Logo, é importante ressaltar os motivos para o aumento; entre eles o principal foi o corte dos investimentos nas áreas sociais e públicas do país, que ocorreram durante o governo de Michel Temer e precarizaram a situação das gestantes. Um exemplo de erro de administraçaõ que prejudicou as grávidas foi a redução de verbas destinadas ao Rede Cegonha, que tinha papel fundamental cuidando não só da saúde da criança mas também da mãe, auxiliando no período da gestação ao pós-parto.

Além do fator saúde, a condição de pobreza é um aspecto que afeta incisivamente na taxa de mortalidade infantil, já que o local com maior incidência de casos é o estado do Amapá, que segundo o IBGE registrou em 2017 o valor de 23 crianças mortas por 1000 nascidas vivas e que no mesmo ano contou com 45,9% de sua população considerada pobre pela linha da pobreza, estatística essa preocupante na economia da região.

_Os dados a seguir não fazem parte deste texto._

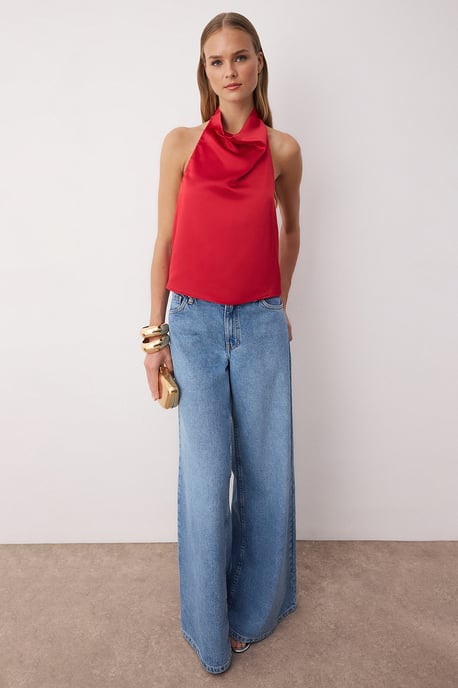TRENDYOLMİLLA Dames Rood Effen Mouwloos Regular fit Blouses - Image 4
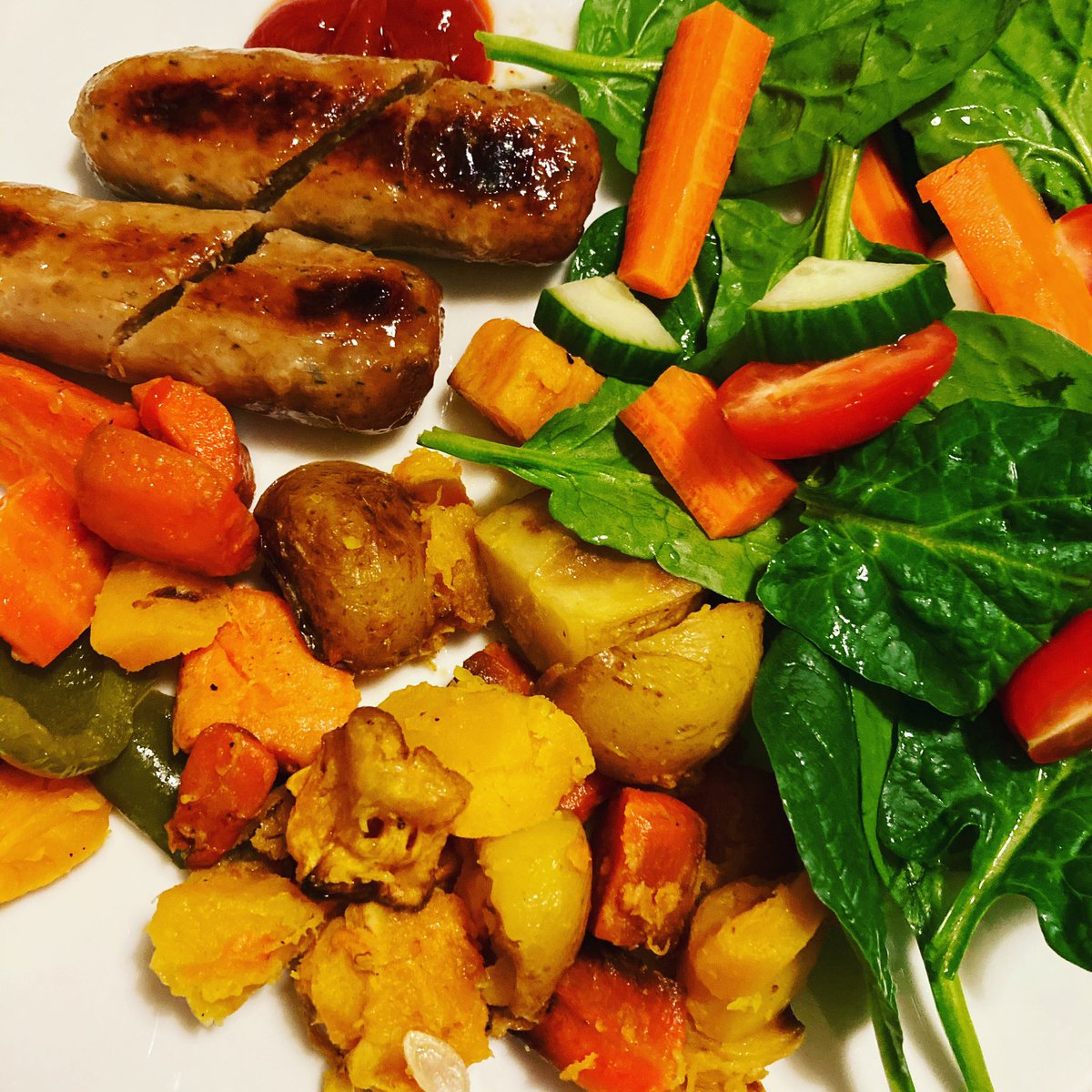 KathrynWebber1's tweet photo. When Mr K cooks... ✨ #dinner #eating #husband #homemade #hecooks #yummy https://t.co/71TYzDt9tS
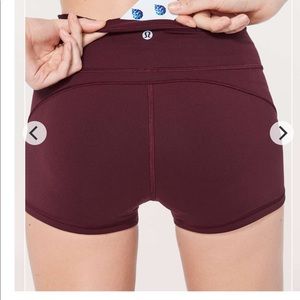 Lululemon In Movement Short *Everlux 2.5"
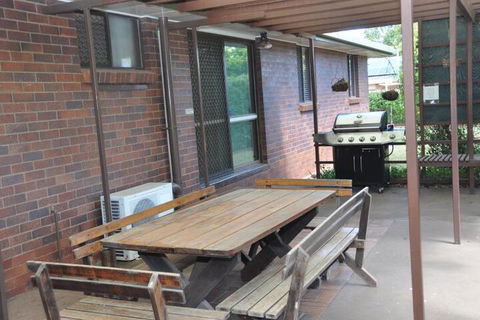 Rangehouse - Redcliffe Tourism 4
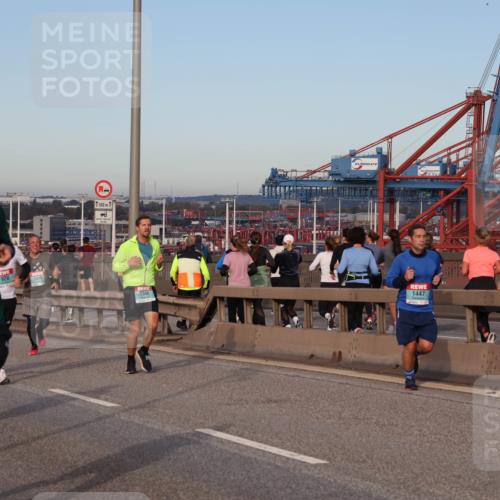 03.10.2024 - Köhlbrandbrückenlauf Matties Gatica Varas http://msf.ph/oto/7211846 03.10.2024 09:36:52 Position 2 1384, 1920, 1416, 1500, 1, 1348, 1447 meine-sportfotos.de
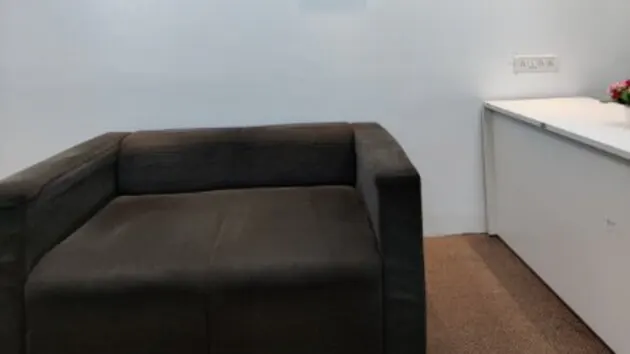 3 Seater Meeting Room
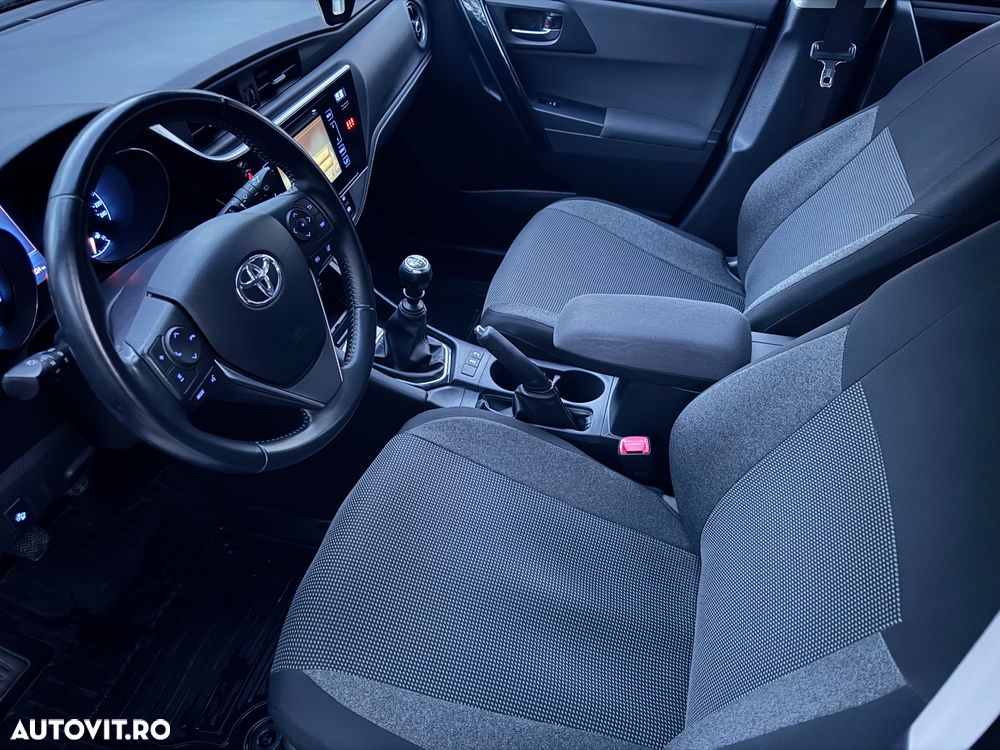 Toyota Auris 1.2 Turbo Edition S+ - 10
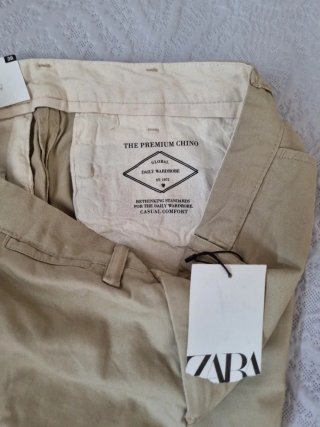 Pantalón Chino Zara Beige Talla 38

Dessa forma, o Superministério da Economia deve, por meio da volta de investimentos na área da saúde, principalmente em locais de pobreza, revalorizar estratégias como a Rede Cegonha; melhorar a infraestrutura de hospitais, de maneira que contratem mais profissionais especializados em gestantes, que também instruirão sobre a valia do planejamento familiar, com a finalidade de manter o número de mortes infantis em declínio e conquistar a quarta meta do milênio.